The focus for this bike was to make it as efficient as possible so he went with a URT design. URT stands for Unified Rear Triangle and it had a short and turbulent cameo in the mainstream thanks to bikes such as the Klein Mantra. If you're interested in the intricacies of the design, you can read RC's deep dive here but the main advantage is that there's no pedal bob when a rider is attacking out of the saddle. Not only does this make for a bike that's lightning-fast under power but it also means that it can be run singlespeed without a chain tensioner. Although we wouldn't be telling the whole story if we didn't mention the descending drawbacks too...

RAM quadrilateral suspension fork
RAM quadrilateral fork

The linkage fork is inspired by a moto design by Valentino Ribi and it uses a four-bar linkage to create a nearly straight axle path, similar to a telescoping design but with much less stiction. Down below the fork is a massively wide front hub that is actually two Azonic hubs cut down and joined at the center so Sheppard could use two disc brakes to help with temperature management. This thing is wild!

Although Richard considers frame building as a hobby, a steady stream of like-minded customers may eventually force him to take up the TIG torch full time. For more info on the bike, click here.

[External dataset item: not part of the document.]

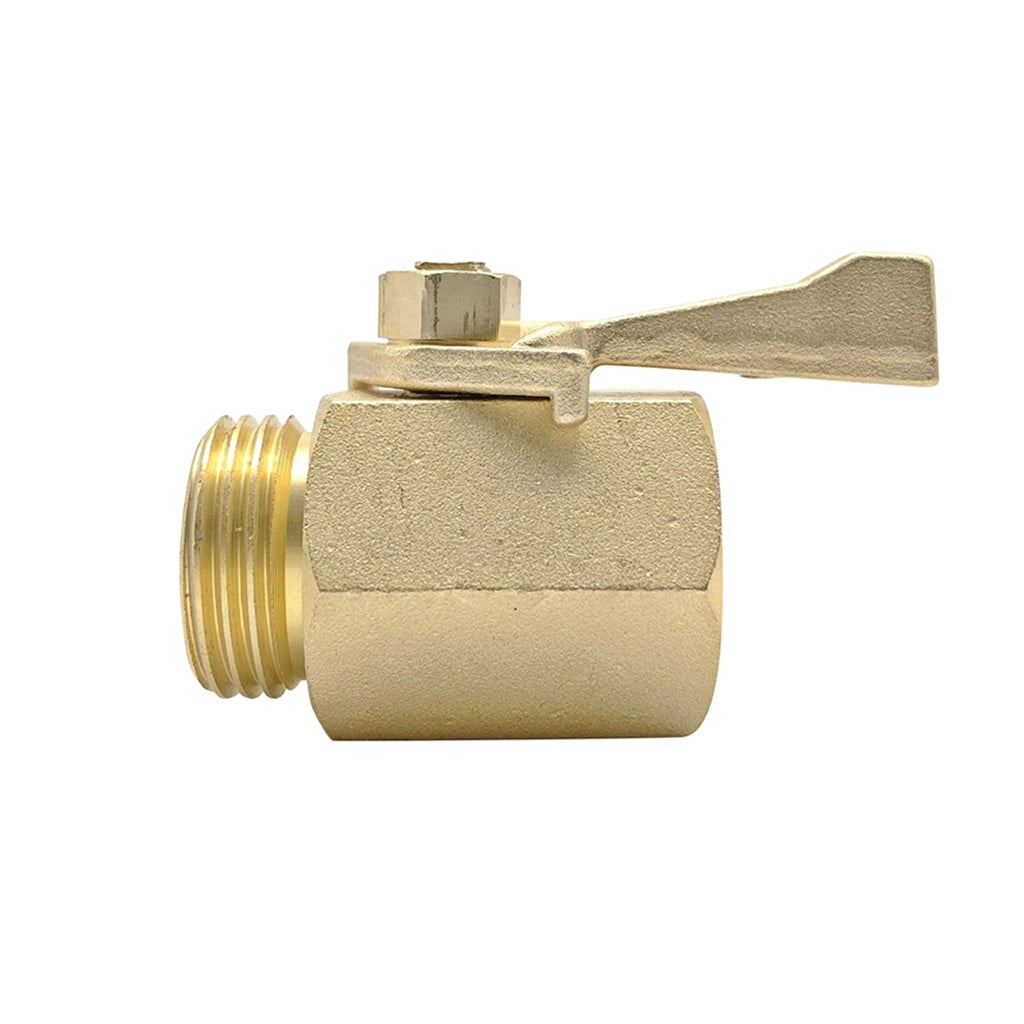 (Clearance) BNNG Super Heavy Duty 3/4" Brass Shut Off Valve Garden Hose Shut Off Valve Garden Hose Connector Gold, Household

Speedfil's Bike-Mounted Hydration System

Speedfil 2 hydration system 2015

Hydration backpacks have all but disappeared from riders' kit bags in recent years but are we missing a trick not transferring those dangling hoses to our frame-mounted bottles instead?

That's exactly what Speedfil thinks and it has designed its F2 bottle to make it a reality. Initially inspired by racers who would try to glug down as much liquid as possible at a feed station before tossing a bottle away, this system allows riders to fill up their bidon without stopping and drink it as and when they need.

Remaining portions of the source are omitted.